In certain hydraulic systems, it is known to provide an accumulator having a replaceable cartridge incorporating a bladder pre-charged with gas. With this arrangement, the cartridge is intended to be replaced, rather than recharged, when the bladder has lost pressure to an extent that it no longer performs effectively. While this provides a convenient way of replenishing the accumulator with gas, it may not be cost-effective in circumstances where spent cartridges are required to be exchanged frequently.
It is against this background that the present invention has been developed.
According to a first aspect of the invention there is provided an accumulator comprising a housing, an inner portion within the housing, a zone defined between the housing and the inner portion for fluid communication with a driving fluid of a fluid-powered system whereby the inner portion is exposed to the driving fluid received within the zone, the inner portion comprising a resiliently deformable solid mass, wherein at least a portion of the mass is deformable in response to fluid pressure in the zone exceeding a prescribed level thereby to provide pressure relief and wherein the deformable portion resiliently rebounds in response to fluid pressure in the zone returning to or falling below the prescribed level.
With this arrangement, fluid pressure fluctuations in the driving fluid involving pressure exceeding the prescribed level are dampened.
The resiliently deformable solid mass may be resiliently compressible.
The resiliently deformable solid mass may be of a material having properties (such as for example density) selected having regard to the prescribed level of pressure of the driving fluid at which pressure relief is to be provided. The density of the resiliently deformable solid mass may be directly representative of resistance to deformation in response to fluid pressure.
In practical terms, the density of the resiliently deformable solid mass may be considered to correspond directly to the gas charge that would normally be applied to the bladder of a bladder-type accumulator.
Density testing may be performed to determine/select the material appropriate for the intended purpose. By way of example, a Shore Durometer may be used to test the density of the resiliently deformable solid mass, with testing conducted to determine/select material having an appropriate density.
By way of example, the material selected may have a density of about one-third of the prescribed level of pressure at which pressure relief is to be provided.
The resiliently deformable solid mass may comprise a resiliently deformable mass of cellular material. The resiliently deformable solid mass of cellular material may comprise a single body of cellular material or an aggregation of a plurality of bodies of cellular material. Where there is an aggregation of a plurality of bodies of cellular material, the bodies may be of the same cellular material or two or more different cellular materials. Further, the bodies may have the same densities or different densities.
The resiliently deformable solid mass of cellular material may comprise foam material. The foam may comprise a polymer foam such as polyurethane foam. More particularly, the polyurethane foam may comprise a two-pack Cold Cast Polyurethane. Other types of foam material are contemplated.
The material selected for use as the resiliently deformable solid mass may be of a type that can be formulated or otherwise tailored to provide characteristics appropriate for the intended purpose. For instance, it is believed that polyurethane foam is particularly suitable for use as the resiliently deformable solid mass of cellular material, as its composition can be selectively varied to provide an accumulator with performance characteristics to suit the requirements of a particular hydraulic system in which it is to operate.
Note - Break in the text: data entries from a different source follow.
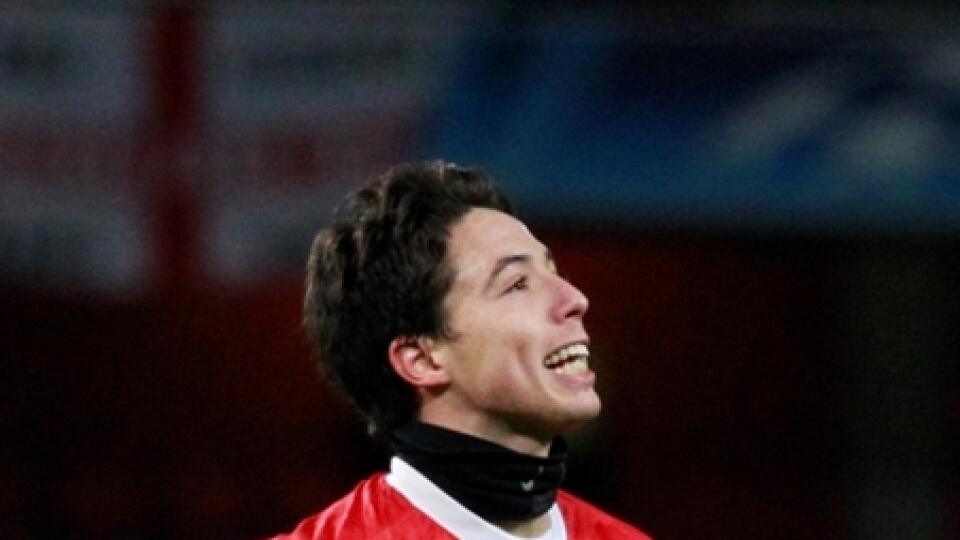 Francúzsky futbalový reprezentant Samir Nasri.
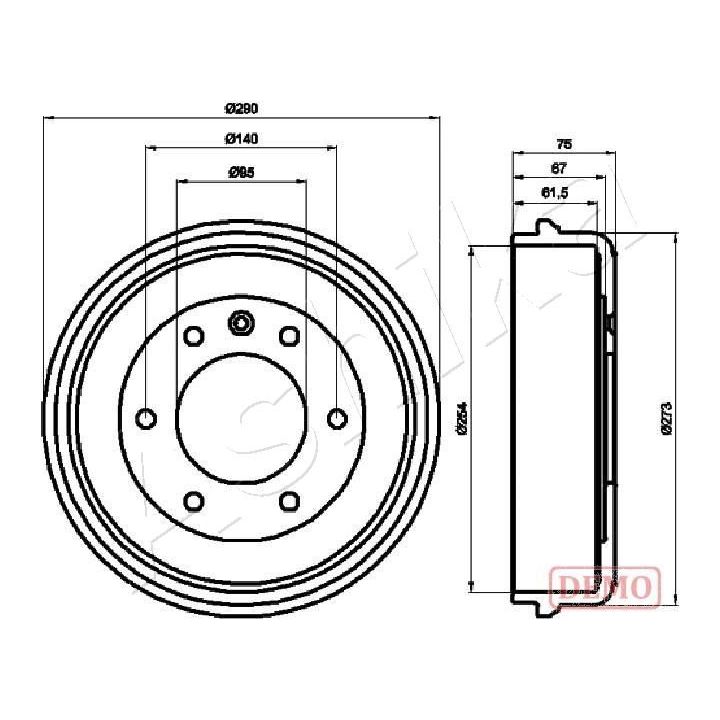 Stabdžių būgnas ASHIKA 56-00-0410C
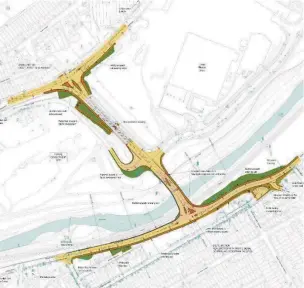  ??  ?? Provisiona­l plans for the Cross Valley link project in Mountain Ash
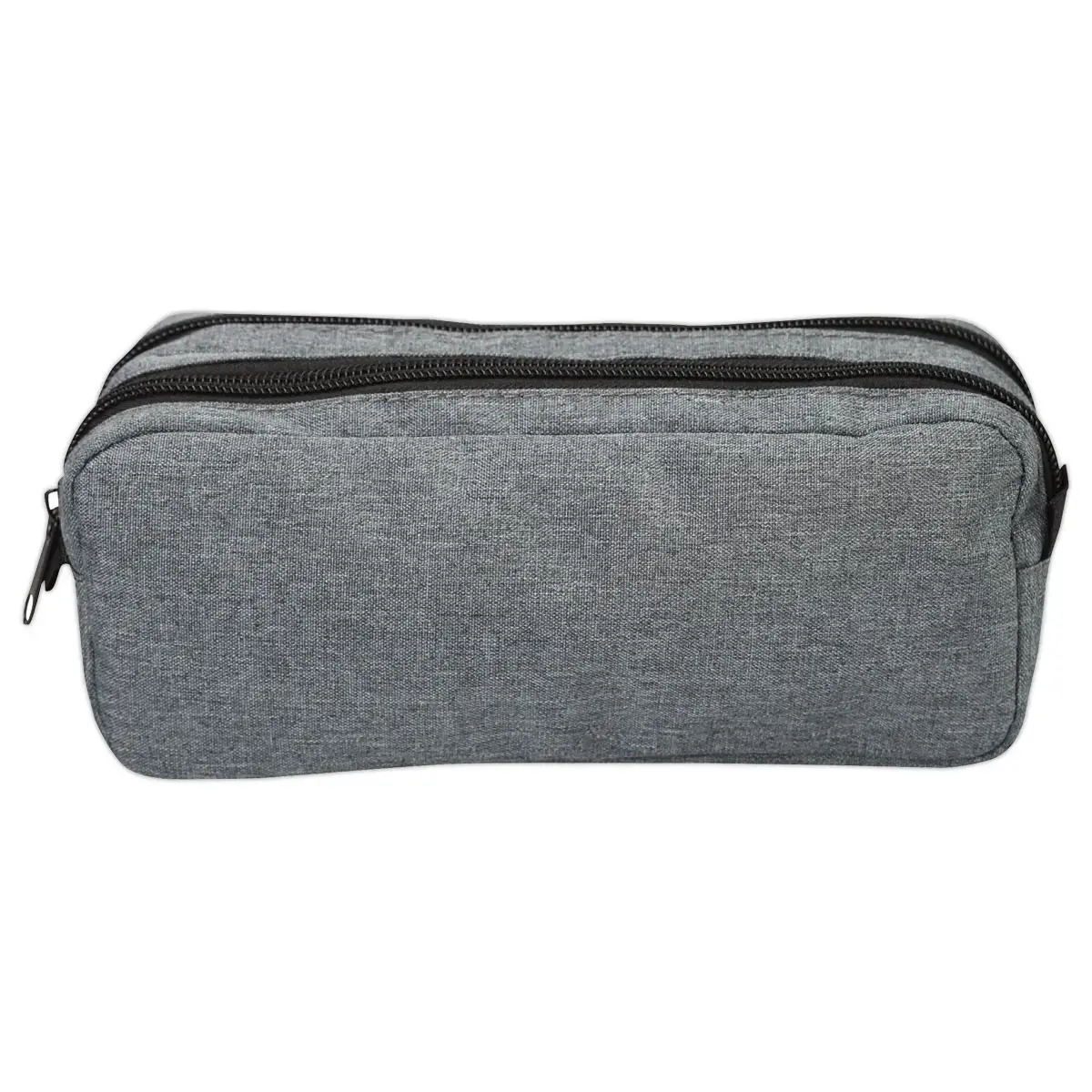 Trousse rectangulaire - 2 compartiments - Gris - SIGN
The resiliently deformable solid mass may be accommodated within a rigid casing. The resiliently deformable solid mass may be incorporated in or configured as an insert receivable in the casing. The inset may be selectively removable from the casing.
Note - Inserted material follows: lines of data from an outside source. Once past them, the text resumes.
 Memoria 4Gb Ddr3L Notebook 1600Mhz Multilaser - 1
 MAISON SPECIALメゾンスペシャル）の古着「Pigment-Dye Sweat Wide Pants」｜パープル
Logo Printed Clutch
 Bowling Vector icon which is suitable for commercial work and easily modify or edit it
The casing may be configured to allow fluid communication between the zone and the resiliently deformable solid mass. The casing may be so configured by way of one or more flow openings in the casing.
The casing may comprise a body defining a hollow interior for accommodating the resiliently deformable solid mass.
The resiliently deformable solid mass may be sized and shaped to be a close fit within the hollow interior of the body.
The body of the casing may comprise side wall means bounding the hollow interior. The side wall means may comprise a cylindrical side wall.
The casing may comprise a plurality of said flow openings, wherein the flow openings are provided in the side wall means.
The body of the casing may further comprise opposed end sections between which the side wall means extend, one end section being closed and the other end section being open for access to the hollow interior of the body.
The resiliently deformable solid mass may be received with a sheath supported within the hollow interior of the body of the casing. The sheath may be formed or configured to facilitate transfer of pressure between driving fluid and the resiliently deformable solid mass. The sheath may be formed of a flexible material to facilitate such transfer of pressure between driving fluid and the resiliently deformable solid mass.
The sheath may be configured as a sock in which the resiliently deformable solid mass is receivable.
The sheath may be adapted for attachment to the casing. Where the sheath is configured as a sock, the sock may be adapted for attachment to the casing by way of the open end portion of the sock being attached to the casing.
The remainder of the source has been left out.